Lake Superior State University in the Upper Peninsula has released its annual list of words and phrases "banished from the queen’s English for misuse, overuse and general uselessness."
"Quid pro quo" tops this year's list, compiled by the school's English department based on nominations from the public. Also banished are "artisanal," "curated" and "influencer" — words LSSU staff say attempt to make something more than it is.
"Literally," "I mean," "living my best life," and "mouthfeel" are out too, for their pretentiousness or imprecision. Foodies use that last one to describe a sensation from eating or drinking.
Millennial colloquialisms round out the list, presumably for just being annoying. LSSU has taken the added step of defining those banished for all you boomers out there:
Chirp: This one is a new insult for the non-millennials on the committee. Before we get chirped for being out of touch, as our nominator suggests, why don’t we leave it to the birds?

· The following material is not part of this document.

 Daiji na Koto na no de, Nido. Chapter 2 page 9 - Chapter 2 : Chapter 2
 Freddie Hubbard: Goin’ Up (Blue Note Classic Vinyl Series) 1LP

Jelly: An abbreviation of “jealous,” the committee agrees with the nominator of this word who suggested that it’s better left for toast.
Totes: Another abbreviation, this time of “totally.” Totes overused.

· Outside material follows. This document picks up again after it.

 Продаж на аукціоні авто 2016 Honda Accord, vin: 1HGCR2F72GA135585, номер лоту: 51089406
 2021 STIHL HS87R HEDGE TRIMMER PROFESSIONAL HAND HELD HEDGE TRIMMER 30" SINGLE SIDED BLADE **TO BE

Vibe / vibe check: A new use of the 60s term, “good vibes.” This one just doesn’t vibe with us anymore, unless the speaker is actually vibrating.
OK, Boomer: This phrase caught on late this year on the Internet as a response from millennials to the older generation. Boomers may remember, however, that generational tension is always present. In fact, it was the Boomers who gave us the declaration: “Don’t trust anyone over 30!”